(DATA FOR ANALYSIS begins)

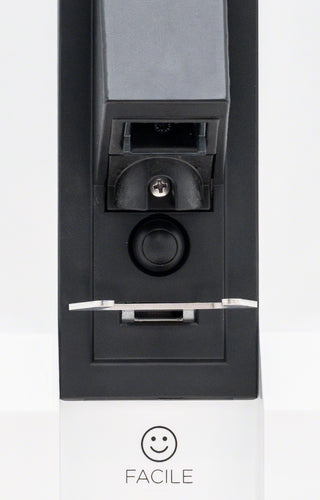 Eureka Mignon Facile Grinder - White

(DATA FOR ANALYSIS ends)
(DATA FOR ANALYSIS begins)

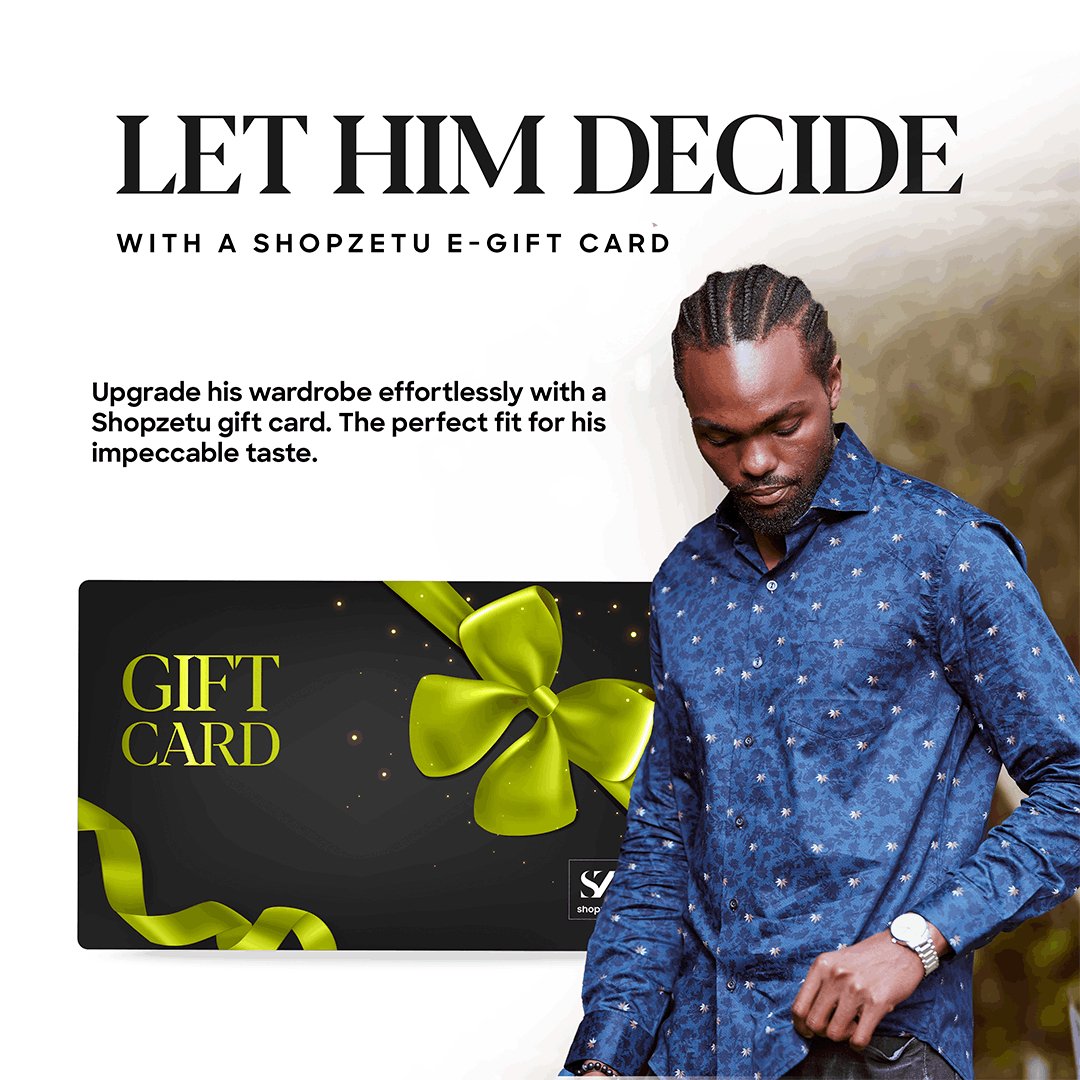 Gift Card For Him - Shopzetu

(DATA FOR ANALYSIS ends)
(DATA FOR ANALYSIS begins)

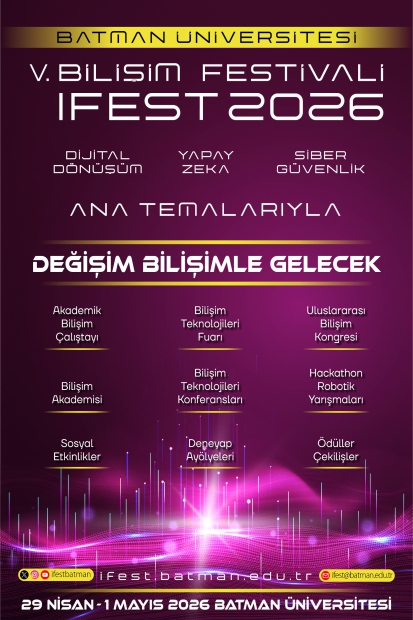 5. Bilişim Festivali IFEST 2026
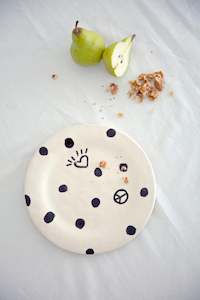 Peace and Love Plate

(DATA FOR ANALYSIS ends)

» YOUR INSTRUCTIONS: Among the lines above, the one with "5. Bilişim Festivali IFEST 2026" opens the part to repeat and the one with "Peace and Love Plate" closes it; repeat only that part exactly, with no pictures.

» OUTPUT FOR THIS EXERCISE:
 5. Bilişim Festivali IFEST 2026
 Peace and Love Plate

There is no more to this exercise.